En effet, la cour observe :

-  que dès sa lettre du 15 juillet 2015, M. Y reprochait lui-même à son agent de ne plus s'impliquer dans son travail, les griefs exprimés dans cette lettre constituant manifestement les prémices d'une prochaine rupture à intervenir entre les parties ;

-  que d'ailleurs, M. Y avait déjà pris acte de la démission de son agent avant même qu'elle lui soit notifiée par la lettre du 20 octobre 2015, l'intéressé ayant en effet donné pour consigne à sa secrétaire, Mme Z, à son retour dans l'entreprise le 29 septembre 2015 à l'issue d'un arrêt de travail, de « ne plus rien communiquer, à dater de ce jour, que ce soit par mail ou par courriers, à M. X » (cf l'attestation produite en ce sens en pièce n°  20 de l'appelant) ;

-  que dans ces conditions et alors qu'il avait déjà renoncé aux services de son agent, M. Y ne saurait utilement lui reprocher de l'avoir privé, par son « inertie », de la possibilité de conclure certaines ventes en cours, M. Y ne démontrant pas en effet en quoi M. X, à qui il avait déjà retiré sa confiance pour négocier des ventes en son nom, serait responsable d'un quelconque «manque à gagner»;

-  que de même, M. X ne saurait utilement se prévaloir d'avoir dû consacrer « plusieurs jours de travail » à la préparation de la défense de ses intérêts dans la perspective de la présente instance, les frais ayant pu en résulter relevant tout au plus de ceux prévues à l'article 700 du code de procédure civile.

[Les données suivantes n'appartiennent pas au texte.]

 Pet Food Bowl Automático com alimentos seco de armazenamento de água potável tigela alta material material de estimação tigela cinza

Enfin, M. Y ne saurait non plus reprocher à M. X d'avoir nui à la notoriété de son cabinet en donnant à ce litige « une publicité totalement injustifiée », alors en effet que l'ex-agent s'est borné à requérir, comme tel était son droit, quelques attestations favorables à ses intérêts, ce qui ne relève d'aucune faute ni d'aucun abus de procédure.

En conséquence et en l'absence de démonstration par M. Y d'un quelconque préjudice indemnisable, le jugement sera confirmé en ce qu'il l'a débouté de sa demande reconventionnelle en dommages-intérêts.

Sur les autres demandes :

Partie perdante, M. X sera condamné au paiement d'une somme de 3.000 euros au titre des frais irrépétibles de première instance, le jugement devant être infirmé en ce sens.

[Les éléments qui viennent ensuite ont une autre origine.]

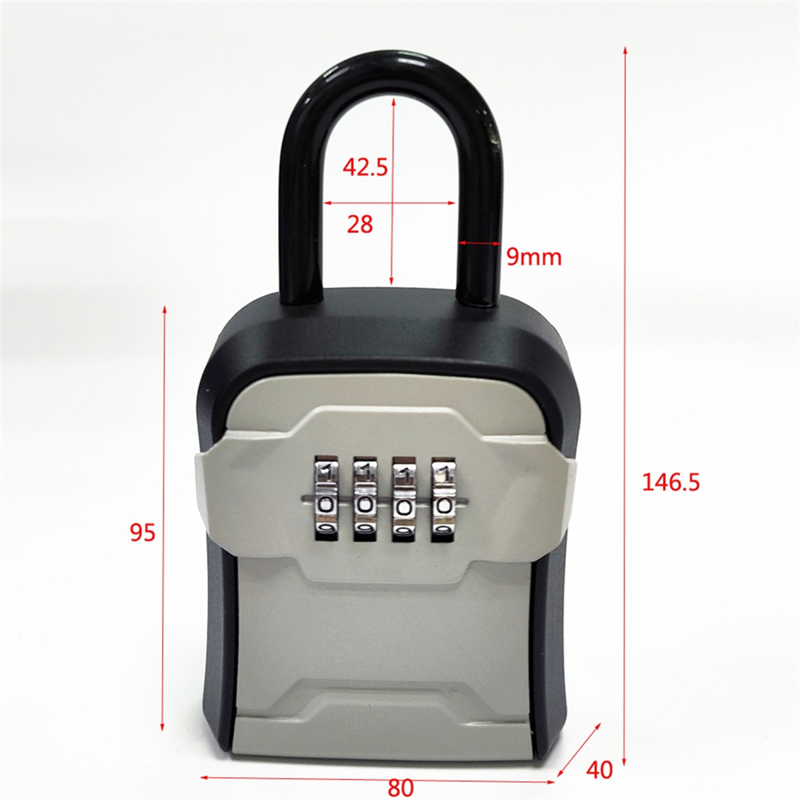 Wall-Mounted Key Lock Box with Combination Lock for Outdoor Security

Succombant de nouveau devant la cour, M. X sera condamné au paiement d'une somme complémentaire de 3.000 euros au titre des frais irrépétibles d'appel.

Il supportera enfin les entiers dépens de première instance et d'appel.

PAR CES MOTIFS,

La cour :

-  confirme le jugement en toutes ses dispositions, sauf en ce qu'il a condamné M. X à payer à M. Y une somme de 8.000 euros au titre de l'article 700 du code de procédure civile ;

-  l'infirmant de ce seul chef, statuant à nouveau et y ajoutant :

* condamne M. X à payer à M. Y une somme de 3.000 euros au titre de l'article 700 du code de procédure civile en première instance ;

* condamne M. X à payer à M. Y une somme de 3.000 euros au titre de l'article 700 du code de procédure civile en cause d'appel ;

* déboute les parties du surplus de leurs demandes ;

* condamne M. X aux entiers dépens de la procédure d'appel.